PROBLEM DESCRIPTION
Which lines run from the line with "ANTIQUE TAXIDERMY A" through the line with "France Eetkamerstoelen^Eetkamer fauteuil" in the entries below? Print them exactly, both ends included, and nothing more.

RECORDS FOR THIS TASK
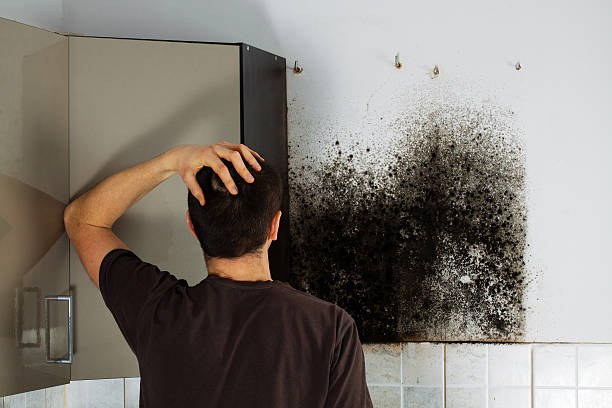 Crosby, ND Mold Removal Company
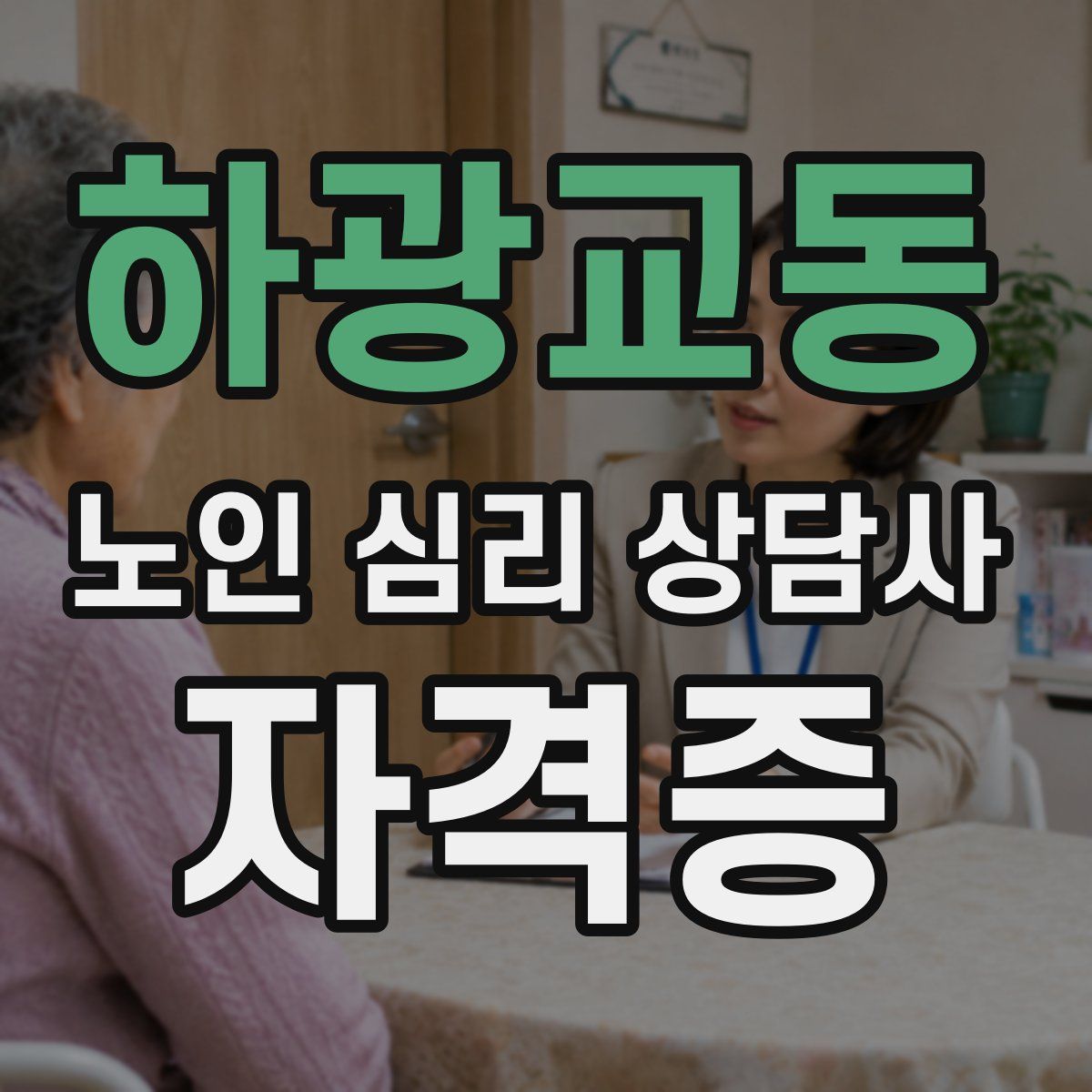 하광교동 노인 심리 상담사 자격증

...

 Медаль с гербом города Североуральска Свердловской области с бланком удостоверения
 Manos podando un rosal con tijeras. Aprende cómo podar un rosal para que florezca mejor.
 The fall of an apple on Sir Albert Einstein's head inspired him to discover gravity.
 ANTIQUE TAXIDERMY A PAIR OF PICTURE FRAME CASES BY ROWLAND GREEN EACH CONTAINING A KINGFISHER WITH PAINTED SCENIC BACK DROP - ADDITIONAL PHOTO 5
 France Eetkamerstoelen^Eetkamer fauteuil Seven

REPLY TO THE TASK
 ANTIQUE TAXIDERMY A PAIR OF PICTURE FRAME CASES BY ROWLAND GREEN EACH CONTAINING A KINGFISHER WITH PAINTED SCENIC BACK DROP - ADDITIONAL PHOTO 5
 France Eetkamerstoelen^Eetkamer fauteuil Seven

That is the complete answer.